Personally, this is the first EVO I’ve ever watched, since I’m pretty crap at fighting games in general, and doubly so against actual, human competition. After a couple of years of spouting nonsense that amounts to “I’d rather play than watch,” I decided to give it a shot; the existence of this article is all the proof you need to know that I enjoyed it a ton.
But enough blabbering. Here are a few reasons that you should give a damn about EVO if you’re a gamer.
The first thing that you’ll notice when you live-stream the tournament is the absolutely massive crowd that’s crammed into the hall in which the competition takes place — hundreds of fighting game fans watching, cheering, and jeering every moment of every match is something that has to be seen to be believed. These people come from all over the world to watch or compete at EVO, so that’s a pretty strong indicator that the event is special.
There are plenty of places where game fans gather, so that in itself isn’t unique. However, throwing in the spectacle of high-level competitive gaming adds an electricity to the room that you normally only hear about in high-profile sporting events. If you don’t believe it, take a look at this classic moment from the 2004 Street Fighter III tournament:
Expect the Unexpected
The incredible moment moment above leads me to my next point: not only will you see some crazy shit, you’ll see it rather frequently. You’ll see a bunch of different combos and comebacks that the average player could only dream of pulling off, and with the wide variety of different games on tap you’re bound to see something that excites the ever-living crap out of you.

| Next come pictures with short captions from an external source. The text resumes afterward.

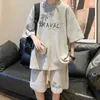 Koreańskie mody waflowe Zestaw Set Summer Short Sleeve Top Shorts Sportswear Trendy Tracksuit 2 sztuki Druku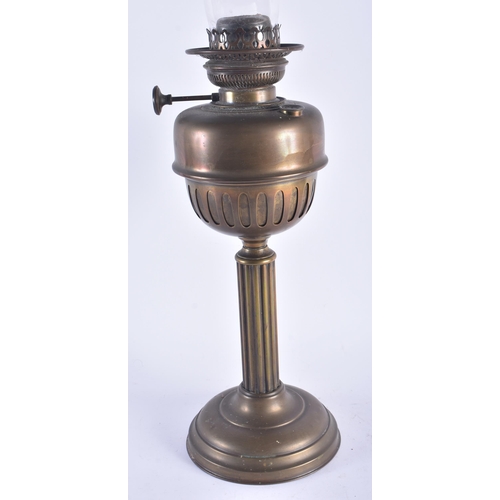 1294 - AN ANTIQUE BRASS OIL LAMP. 66 cm high.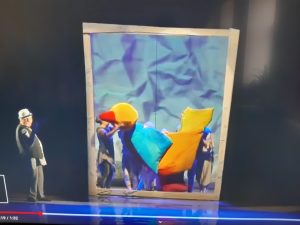 Zdjęcie wyświetlanego filmu. Na ciemnym tle stoi aktor patrzący na brązową framugę w której stoją aktorzy podtrzymujacy kukiełkę ptaka.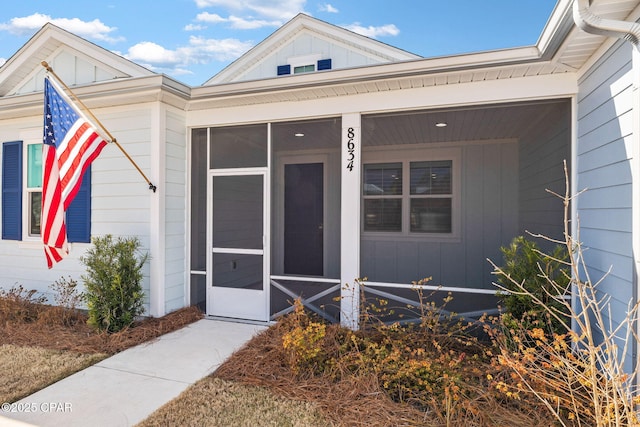 view of exterior entry featuring board and batten siding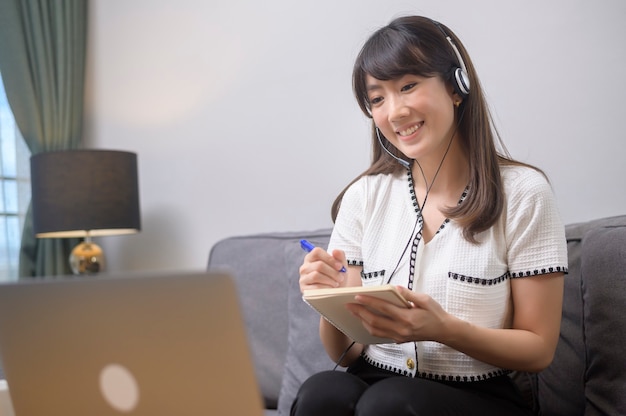 A beautiful young woman wearing headset is making video conference call via computer at home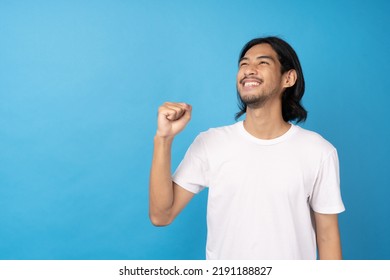 Cool Asian Man Excited And Surprised On Blue Background. A Man Saw A Sale On An Online Shopping Website Or See The Results Of The Football Team Cheering Competition.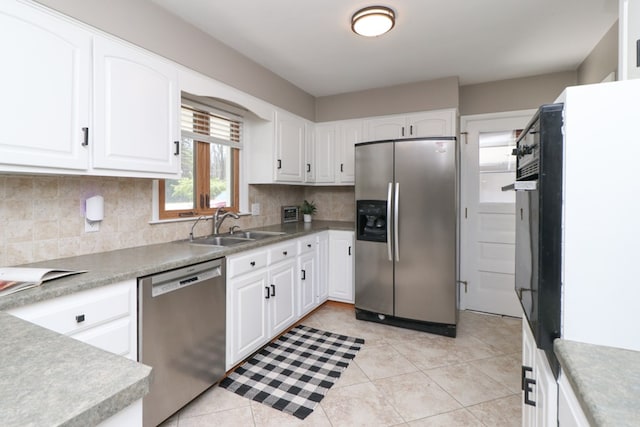 kitchen featuring white cabinets, a sink, backsplash, appliances with stainless steel finishes, and light tile patterned floors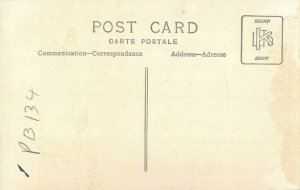 African warrior pulling tourist cart c1940 RPPC aj 228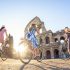 Personas dando un paseo en bicicleta frente al Coliseo romano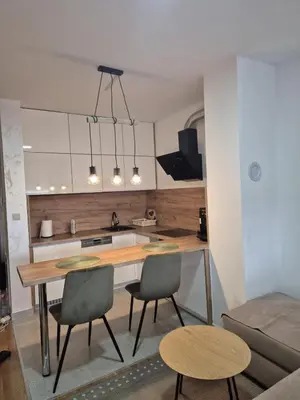 a kitchen with a table and chairs in a room at Muki Oaza Apartman in Tuzla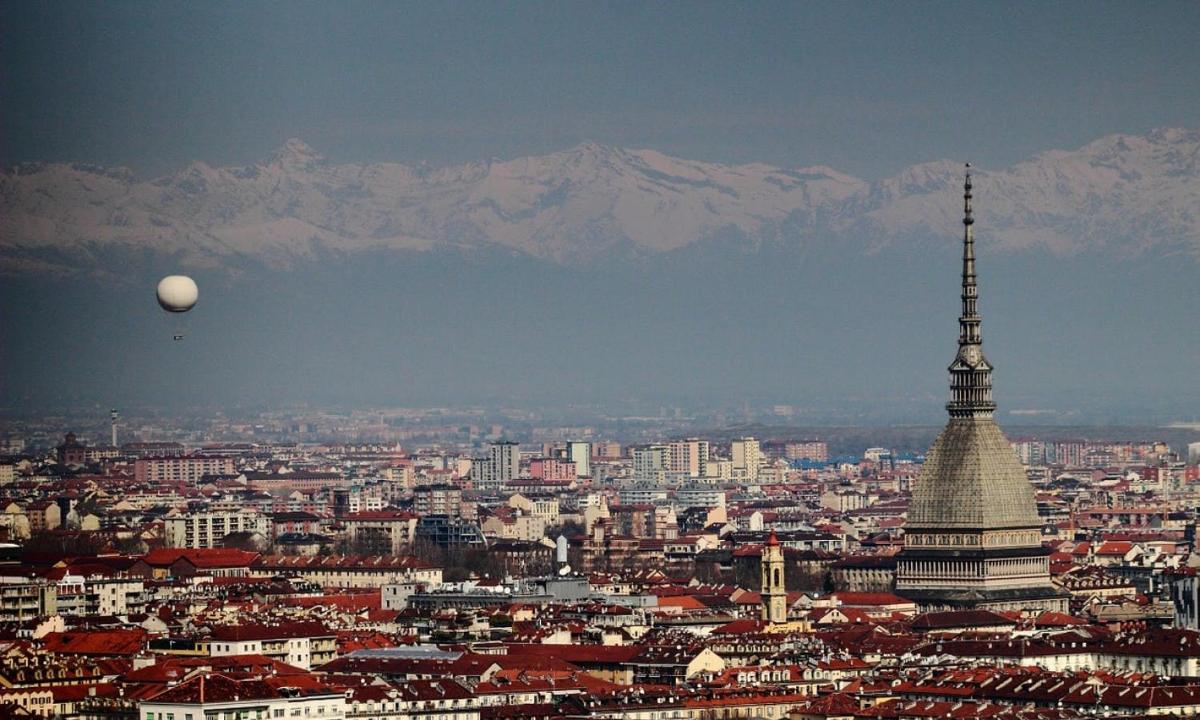 una vista di una città con una torre e montagne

One of this year’s biggest surprises wasn’t just a moment, but a person: eight-year-old Noah “The Prodigy” Solis, who shamed grown men on his way to the Marvel vs. Capcom 3 tournament quarterfinals. Considering the ridiculous amount of competitors registered, for a kid to make it into the top 32 is astounding. Best of all was the visual discomfort on the face of the man who finally took him down, as the crowd loudly booed every combo that he landed on the kid.
With so many people from all over the world, from just about every walk of life, swarming to Vegas for three days of nonstop digital pugilism, literally anything can happen … and it does.
After spending much of my weekend watching these guys compete in some of the highest intensity competition I realized that these players are as good at fighting games as anyone is at anything.
Tournament veterans such as Justin Wong and Daigo Umehara get an awful lot of attention, and deservedly so — they’re both amongst the very best in the world at their respective games, and they’re the two responsible for that ’04 EVO vid I linked above. But each tournament also has a loser’s bracket … and they’re still freaking masterful. As Mitch Dyer said Saturday on Twitter, “I will never be as good at anything in my life as these guys in the losers pool are at MvC3.”
No matter what game is on the big screen, there’s no way for you to be bored. Well, unless it’s the Tekken 6 Final and you’re sitting through several Bob vs. Bob matches.